What you need to do:
Transcribe the listing below verbatim, omitting pictures.

(Beginning of Data)

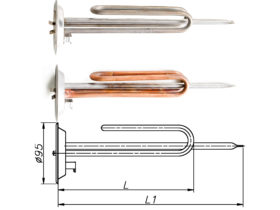 ТЭН для бойлера Thermex 1500-2000 Вт 230 В на фланце 95 мм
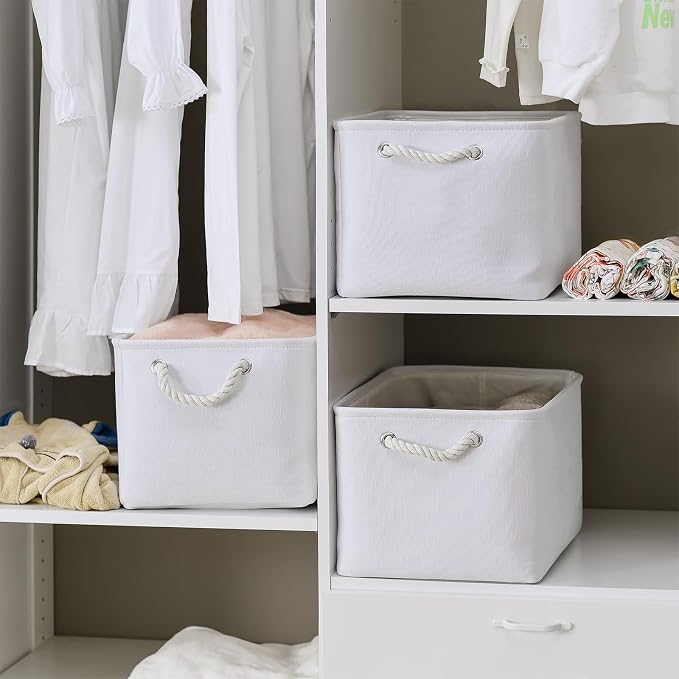Storage Basket for Shelves - 15.8x11.8x11.8 inch 3 Pack Fabric Storage Cubes, Collapsible Storage Bin for Organizing Organizer Closet Book Gift Dog(White) - Image 3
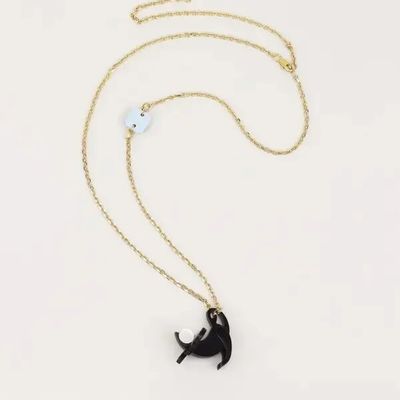 Jewelry - Rat charm for necklace in black horn and mother-of-pearl - L INDOCHINEUR X RIVÊT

(End of Data)

Answer box:
 ТЭН для бойлера Thermex 1500-2000 Вт 230 В на фланце 95 мм
Storage Basket for Shelves - 15.8x11.8x11.8 inch 3 Pack Fabric Storage Cubes, Collapsible Storage Bin for Organizing Organizer Closet Book Gift Dog(White) - Image 3
 Jewelry - Rat charm for necklace in black horn and mother-of-pearl - L INDOCHINEUR X RIVÊT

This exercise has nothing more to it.